Pozostałe nagrania są już zdecydowanie mniej kompleksowe i rozbudowane.
Znajdziemy wśród nich dwie ballady – „Drifting” i „Maybe One Day”.
Pierwsza z nich jest bardziej elektryczna, natomiast druga prawie cała
oparta na fortepianie akompaniującym wokaliście. Myślę, że te dwa utwory
wypadają nieźle na tle całości, choć muzycy chyba nie do końca są
przekonani, w którym kierunku mają podążyć – czy bardziej w tony
progresywne, czy może jednak cięższe, progmetalowe. Takie jak znajdziemy
w trzech pozostałych kompozycjach: „Last”, „Never Return” i „Modal
Acousma”. Szczególnie ta pierwsza jest wyjątkowo drapieżna i ciężka, od
samego początku do końca. Podobnie zresztą jest w „Never Return”, a
charakterystyczna dla tych utworów jest swoista walka gitary i
instrumentów klawiszowych, taki jakby dialog, a raczej wręcz sprzeczka
czy nawet gwałtowna kłótnia. Z kolei w „Modal Acousma” dochodzi do
pewnego rodzaju zawieszenia broni czy może muzycznego pata – każdy z
instrumentalistów ma czas dla siebie w odrębnym fragmencie nagrania.

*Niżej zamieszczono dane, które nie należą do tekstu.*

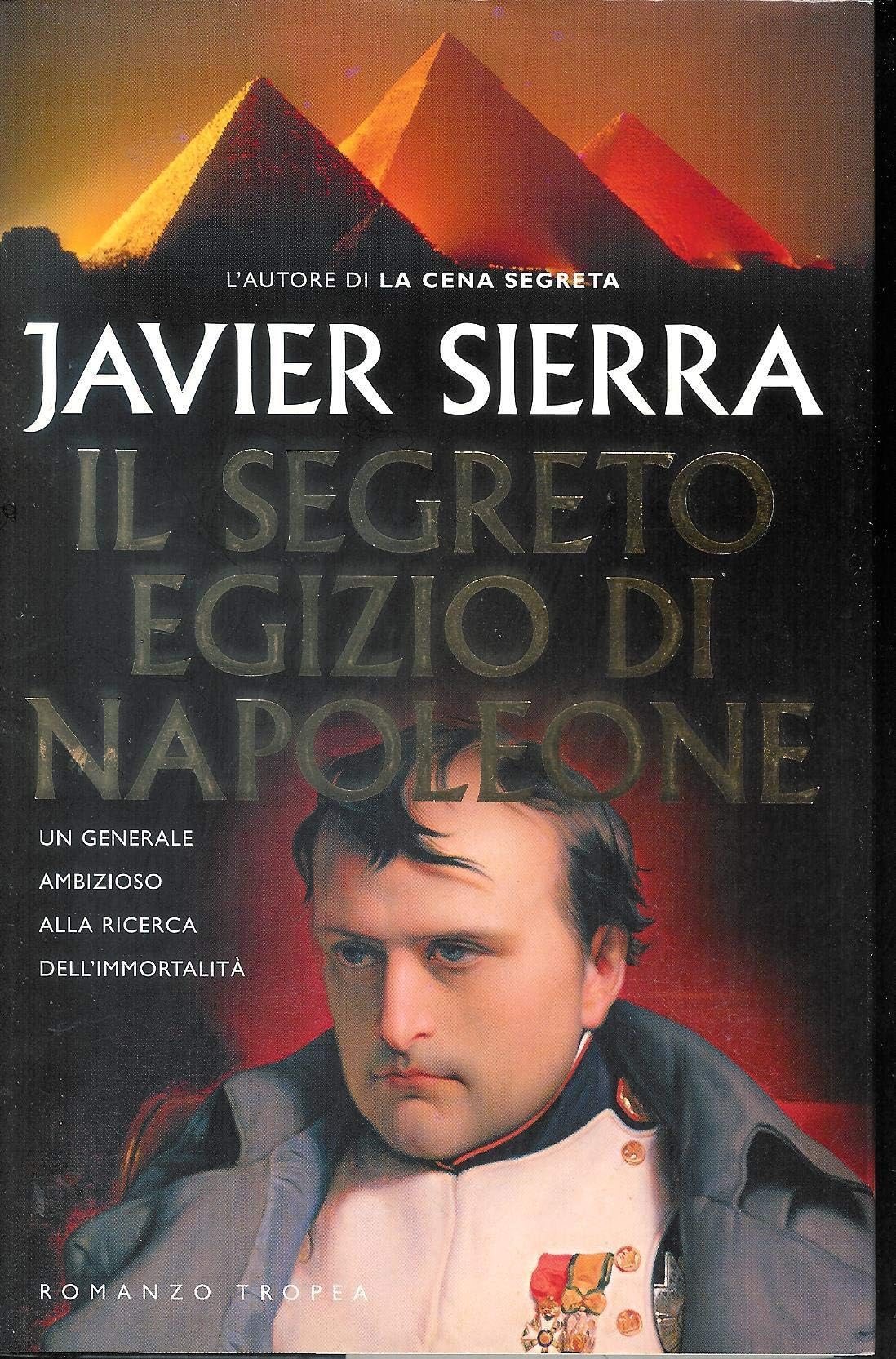 Il secreto egizio di napoleone book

Płyta została znakomicie wyprodukowana, brzmienie jest czyste i dość
głębokie. Wyjątkowo dobrze wypadła zwłaszcza sekcja rytmiczna. Głos
wokalisty wyeksponowano odpowiednio, przez co jest wyraźny i zrozumiały.
Całość wyprodukowano w bardzo nowoczesny sposób, a trzeba też jeszcze
wspomnieć o niezwykle intrygującej oprawie graficznej, utrzymanej w
ciemnej tonacji, z głównym motywem w postaci motyla. Pod tym względem
można się doszukiwać podobieństw do Barclay James Harvest, ale prawdę
mówiąc właśnie tylko w aspekcie graficznym.

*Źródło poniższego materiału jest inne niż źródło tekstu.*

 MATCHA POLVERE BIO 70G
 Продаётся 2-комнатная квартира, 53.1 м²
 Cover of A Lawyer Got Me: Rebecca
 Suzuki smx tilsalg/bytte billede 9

Dante jest na początku swojej muzycznej podróży, której końca ani
przyszłości oczywiście nie znamy. Muzycy sami muszą ją sobie przygotować
i wykreować, a na pewno mają ku temu spore dyspozycje. Niewątpliwie
mamy do czynienia z muzykami utalentowanymi i niezwykle dobrze
przygotowanymi technicznie. Muszą oni sobie jednak odpowiedzieć na
pytanie w którym kierunku podążyć, aby ta muzyczna ścieżka była jak
najmniej kręta, a do tego aby była zgodna z rockowym rodowodem zespołu.
Choć progmetal przeżywa ostatnio dość wielkie dni, a grup grających ten
gatunek jest wręcz mnóstwo, to jednak w Dante słychać ducha bardziej
progresywnego, wprawdzie jakby ukrytego i schowanego, być może sztucznie
stłumionego, ale jednak próbującego się wyrwać i rozwinąć skrzydła.
Widać to szczególnie w porównaniu z debiutem, który był zdecydowanie
bardziej metalowy. Z drugiej strony być może ta walka gitar z
klawiszami, metalu z progrockiem daje nam pewną świeżość i coś zupełnie
nowego. Może w tym tkwi potencjał i bogactwo zespołu Dante. Jeśli tak,
to już czekam na ich kolejne albumy.